Kate, the Cat and the Moon
- Author: David Almond
- Illustrator: Stephen Lambert
- Language: English
- Genre: Children's picture book
- Published: 2004 (Hodder Children's Books)
- Publication place: England
- Media type: Print (hardback)
- Pages: 32 (unpaginated)
- ISBN: 9780340773871
- OCLC: 731419051

= Kate, the Cat and the Moon =

2004 picture book by David Almond

Kate, the Cat and the Moon is a 2004 Children's picture book by David Almond and Stephen Lambert. It is about a girl, Kate, and her nighttime adventures with a feline companion when she transforms into a cat.

==Reception==
In a review of Kate, the Cat and the Moon, Booklist wrote "Almond, .. writes beautifully about Kate's foray into the night, .. Lambert's thickly applied colors and strong, sturdy shapes give the art a robust, muscular feel that balances the dreamy conceit." and the School Library Journal wrote "This bedtime fantasy is sure to earn Almond new fans." concluding "This book will charm feline fanatics everywhere." Kirkus Reviews wrote "The slightly mystical quality of Almond’s text seems somewhat mismatched with Lambert’s gleeful but more solid visuals.
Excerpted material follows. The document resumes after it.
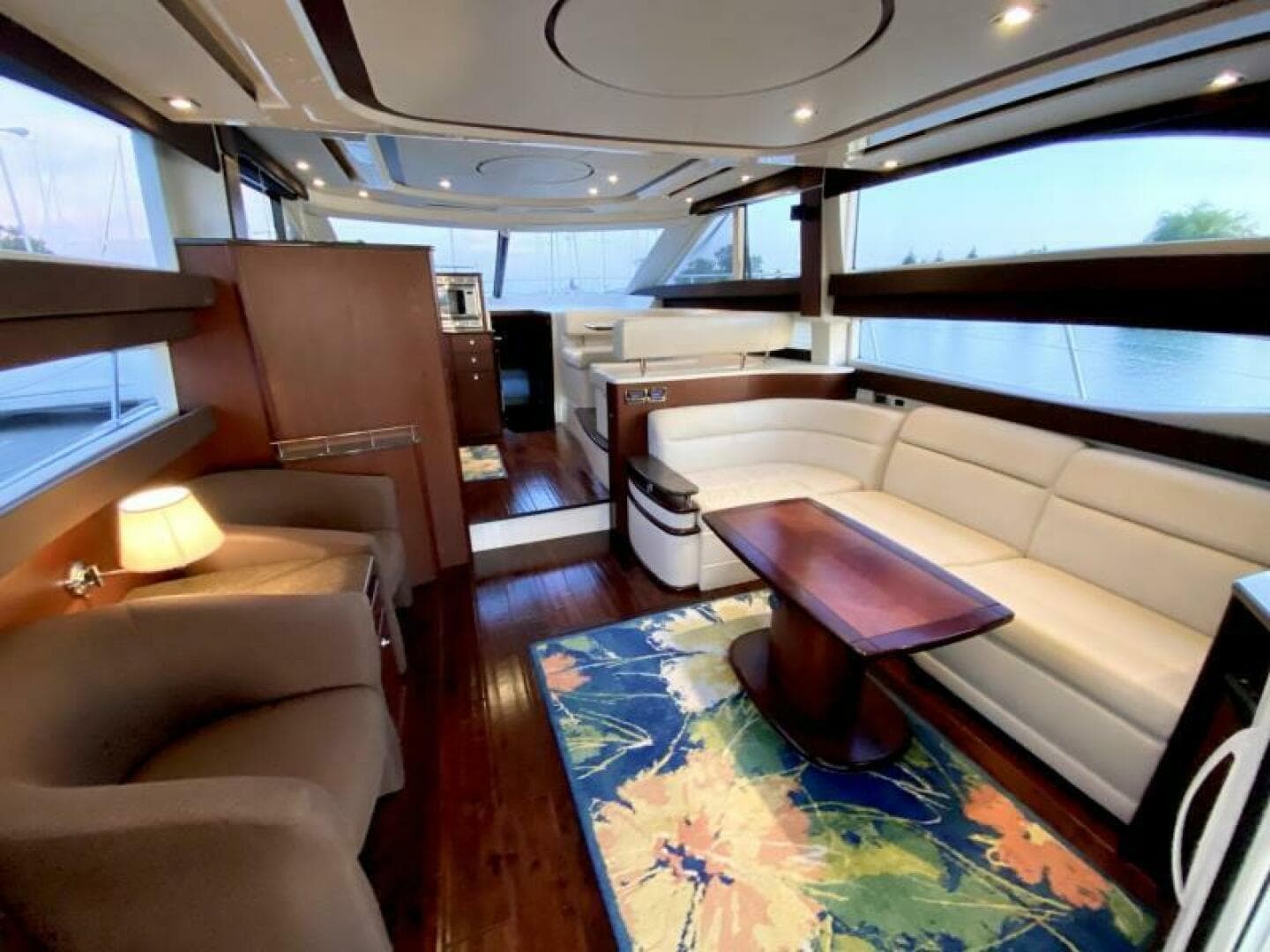2014 Meridian 441 Sold in Sandusky, Ohio Motor Yacht 5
One hopes that Almond will do more picture books with less grounded illustrations that let his odd spiritual tone show through; this one, meanwhile, is a lovely and safe adventure."

It has been called a "small, lyric gem.", and "Simple and elegant".

Kate, the Cat and the Moon has also been reviewed by Reading Time, and the Library Media Connection magazine.